Lettre au DDV sur Juppé

          Ce n’est pas parce qu’il est candidat aux primaires de l’UMP, candidat probable aux présidentielles, que je regrette l’article du dernier DDV qui en faisant d’Alain Juppé l’un des nôtres (« depuis longtemps militant à la Licra ») écorne certes la neutralité politique dont nous nous enorgueillissons.

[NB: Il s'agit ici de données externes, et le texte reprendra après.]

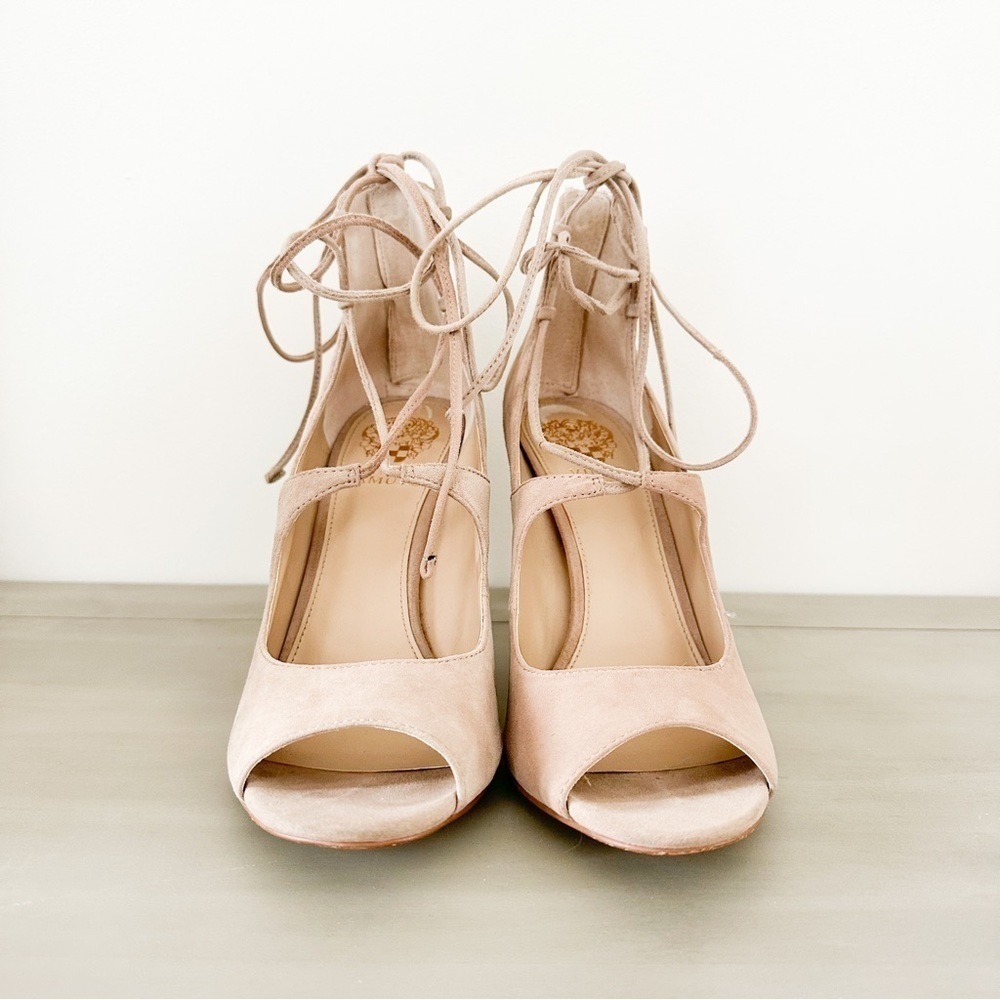 Vince Camuto VP Saleena Tan Suede Lace up Heels 9M - Picture 3 of 7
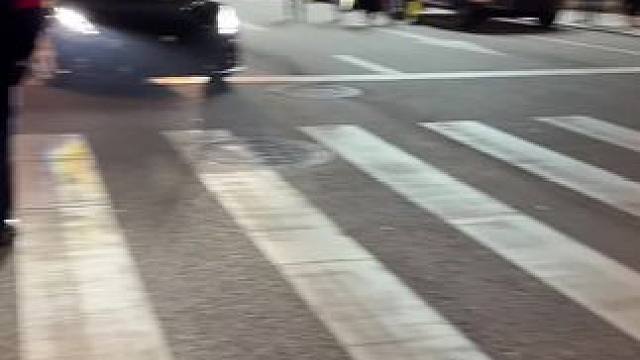 富少开路特斯跑车带女友逛太古里，美女下车富少还亲自开门这样的男人太好了难找了，为啥人家能成功细节决定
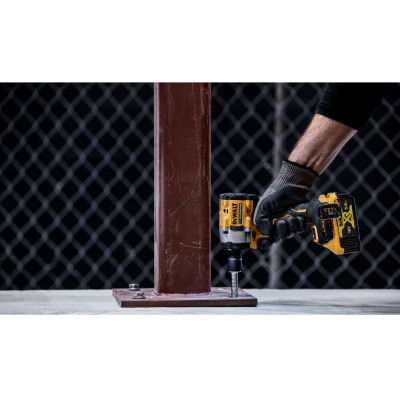 Купити Гайкокрут ударний акумуляторний безщітковий DeWALT DCF922NT. Офіційний магазин Dewalt Україна. Фірмовий інструмент та обладнання DeWALT, STANLEY, BLACK+DECKER, BOSTITCH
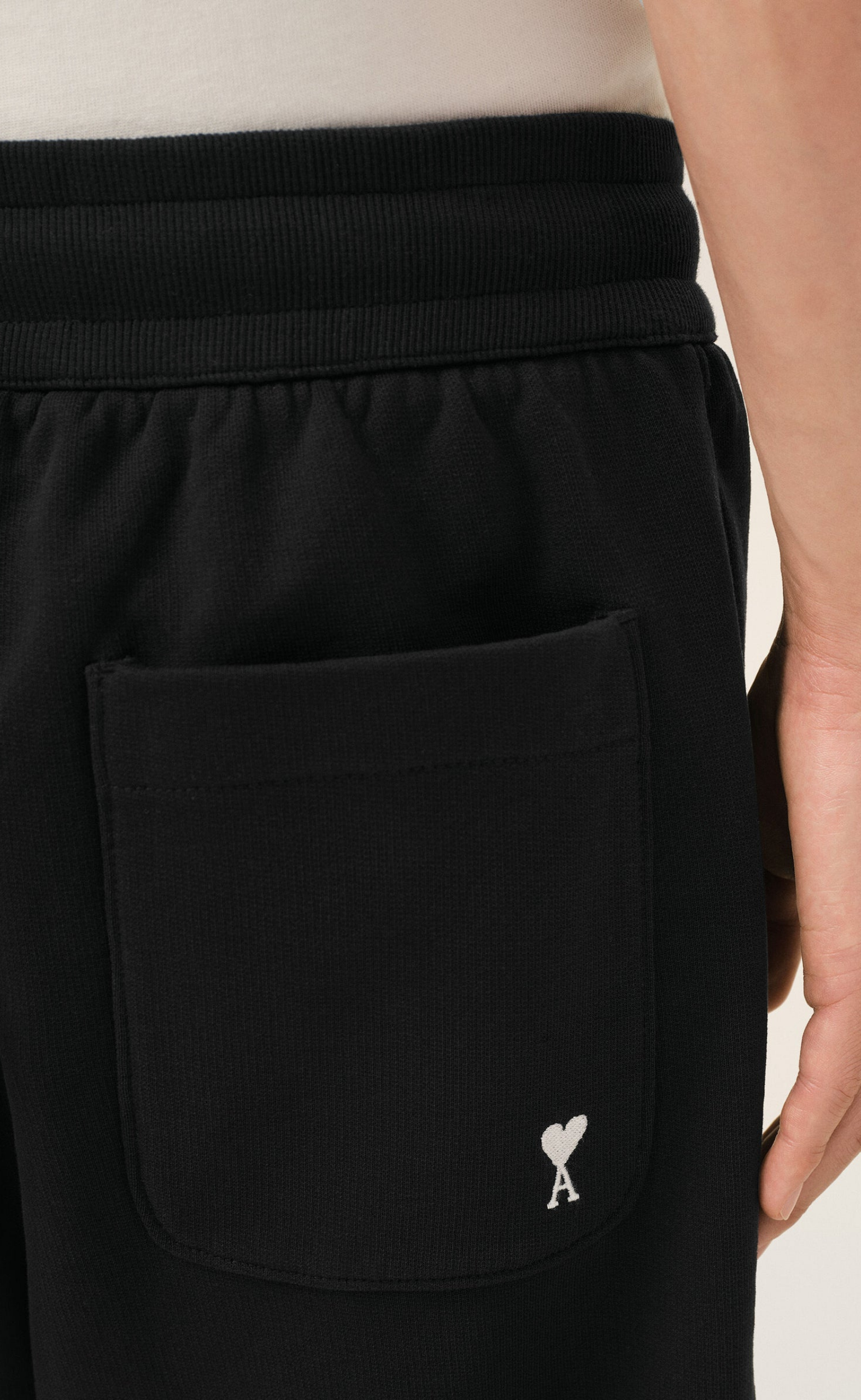 SMALL EMBOSSED AMI DE COEUR BLACK SHORTS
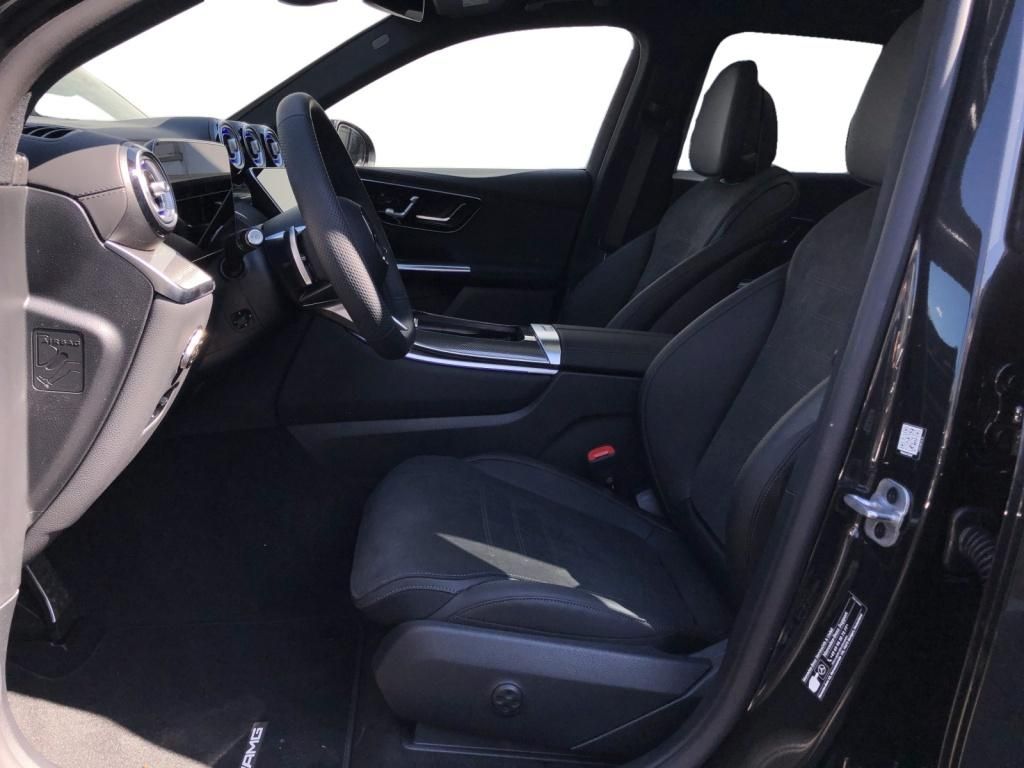 Mercedes-Benz GLC 300 de 4MATIC +MBUX+AMG+Pano+AHK+W-Paket+ACC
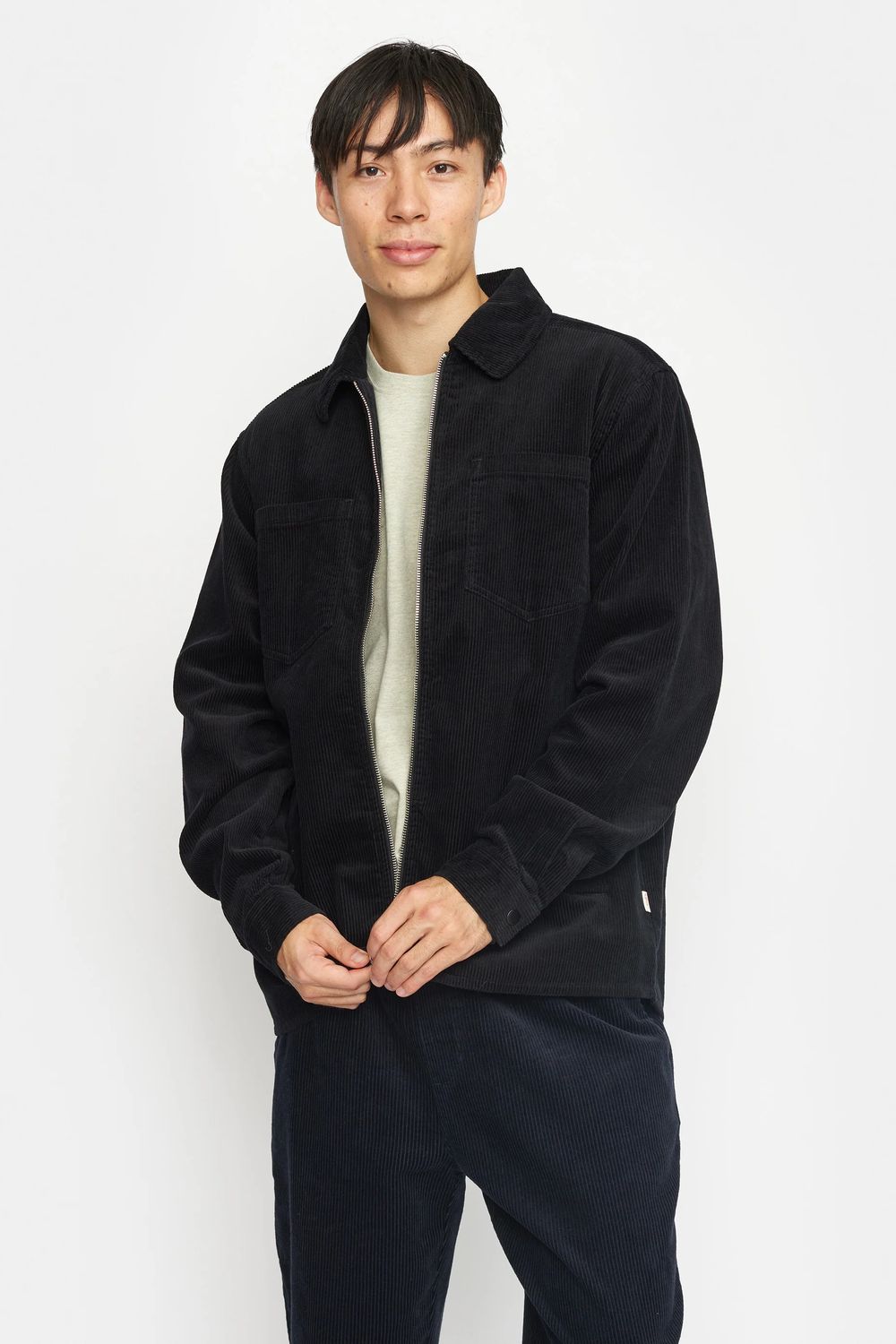 3970 BLACK1.png
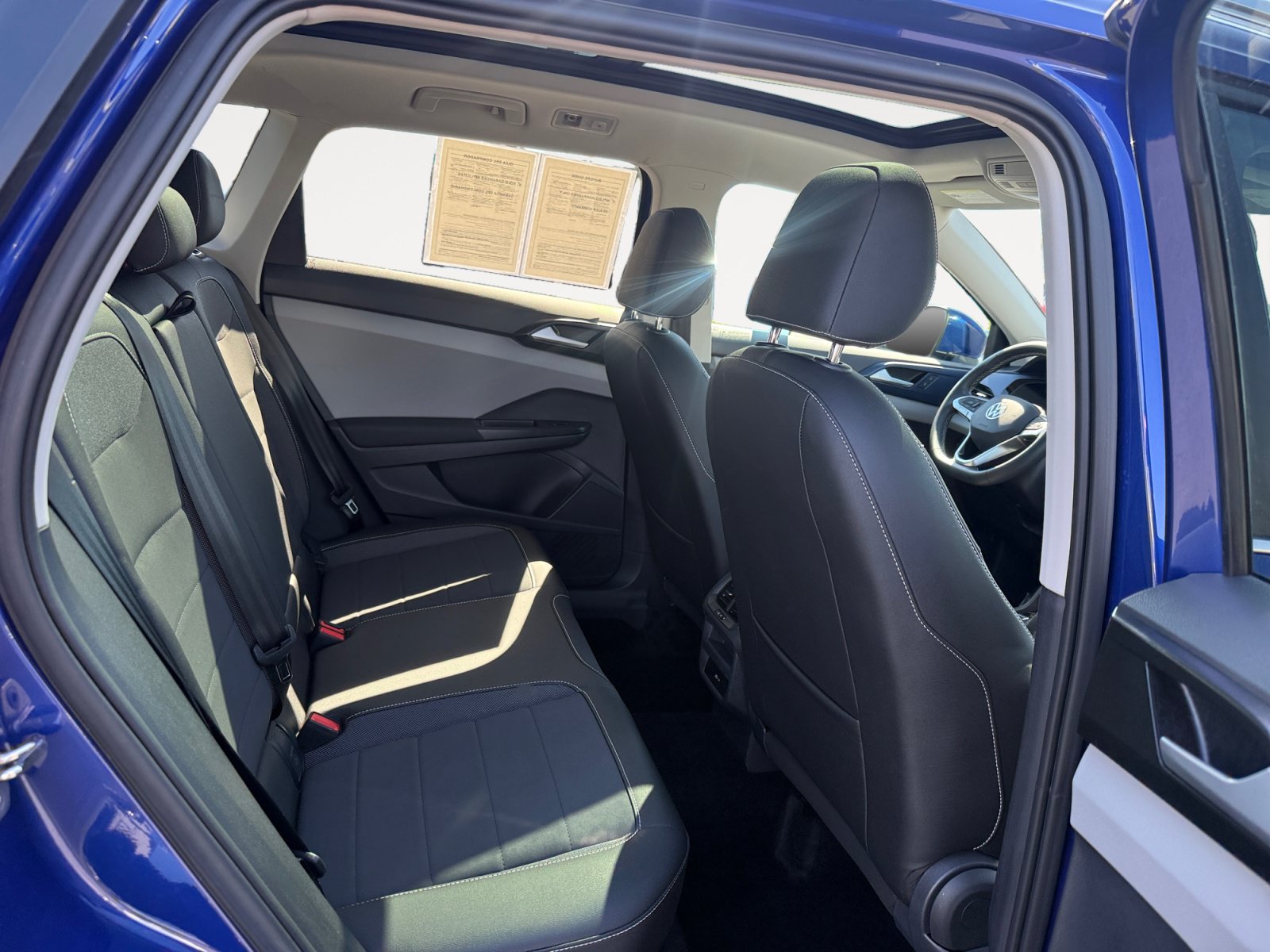 Certified 2023 Volkswagen Taos SE FWD image 18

Même si la conscience de gauche que je suis (très vaguement) pourrait se sentir malmenée par un tel parti-pris, j’accepte volontiers l’idée que des personnalités de tous bords s’expriment à la Licra, qu’il est même souhaitable qu’elles s’y expriment (dans la mesure cependant où on ne leur sert pas trop ostensiblement la soupe).

         Le problème est ailleurs, et beaucoup plus grave : en avril 1994, Alain Juppé, homme de raison, humaniste, de grande culture, et opposant résolu à l’extrême-droite, était ministre des affaires étrangères d’un gouvernement de cohabitation, alors que commençait le dernier génocide du siècle.

Le 7 avril, le génocide commence et (nombreux témoignages à ce sujet, dont celui du sociologue André Guichaoua, par ailleurs hostile au FPR) le gouvernement génocidaire se constitue à l’intérieur de l’ambassade de France, sous l’œil complaisant de l’ambassadeur Jean-Michel Marlaud.

Le 27 avril, Jérôme Bicamumpaka, ministre des Affaires étrangères du gouvernement génocidaire et Jean-Bosco Barayagwiza son directeur de cabinet et chef des CDR, sont reçus au Quai d’Orsay par Alain Juppé.

Le 15 mai, alors que la plus grande part du million de Tutsi génocidés est déjà morte, ce dernier prononce, le premier au gouvernement français, le mot « génocide » (lequel était pourtant apparu dès le 12 avril dans les colonnes de Libération et du Parisien).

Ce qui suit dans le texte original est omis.